12
The fog had lurched in as if on cue, as if the ceremonious acts of snapping off the ceiling light in favour of a lone wax candle, of flipping the art pad to a virginal page, of breathing in a series of slow purging gusts were all the rubrics to some ancient ritual that could muscle nature into heeding one’s will. The elements seemed already to be acquiescing just to lend my reunion some pathetic fallacy.
I set the pencil tip against the sheet and waited. I was still seeing the spirit-trap’s grave, but this time only in my mind’s eye. Not wanting to act prematurely, I waited until every detail of the music box was salient before I finally spoke.
“Capricorn,” I whispered, “can you hear me?”
My hand began to drag, leaving wayward black strokes in its path. It began to pass over the page faster, faster. I could feel my palm beginning to heat up. My breath decreased to the shallowest gasps.

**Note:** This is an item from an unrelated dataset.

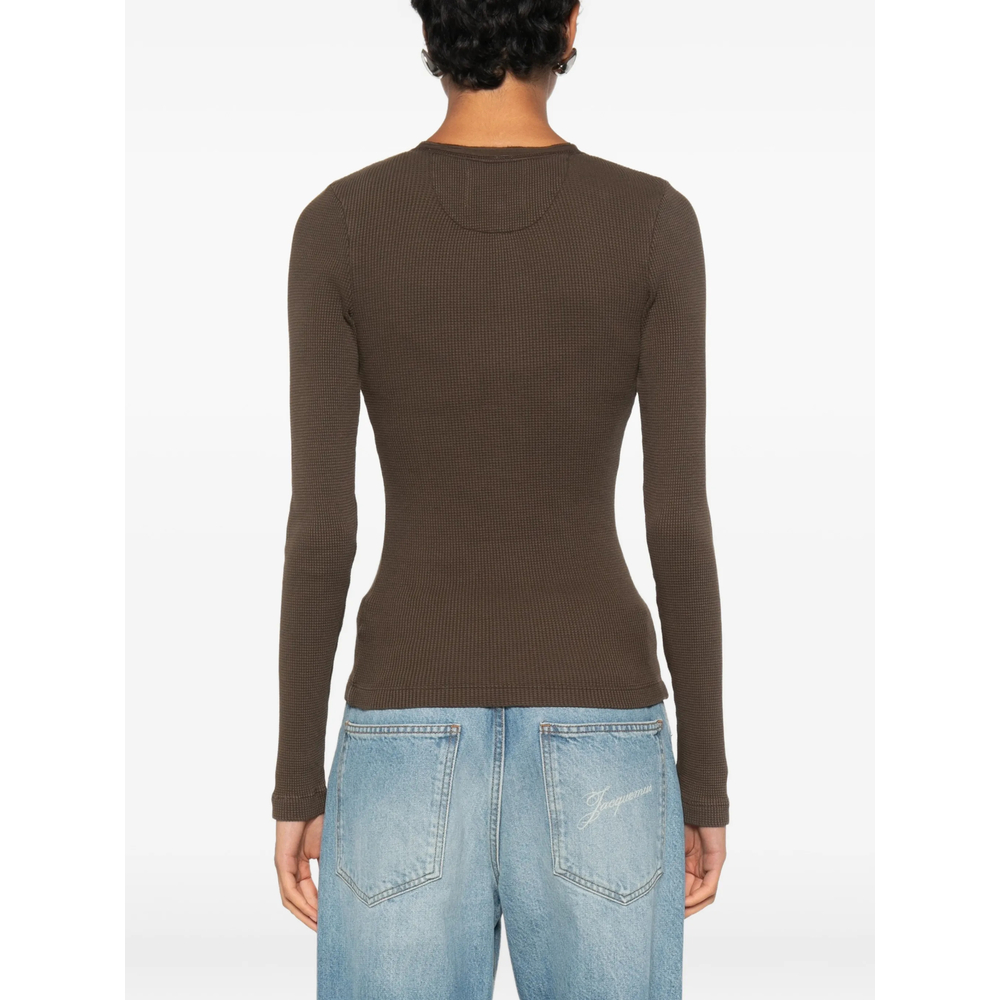 Drea Waffle-Knit Henley Top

“Are you with me, Capricorn?”
My mind was a still lake. Neither thought nor image intruded on that calm. Even when I attempted to summon the image of the spirit-trap back to the fore, it stubbornly dissipated.
The séance lasted for hours. The result? Dozens of pages of pointless squiggles. Although I had experienced inklings of Capricorn’s appendage closing over mine during the sitting, in the end I knew that I had been playing, that my experiment had resulted in simply acting.
Capricorn was gone. Part of me understood this, but another part was unwilling to resign myself to such a hideous truth.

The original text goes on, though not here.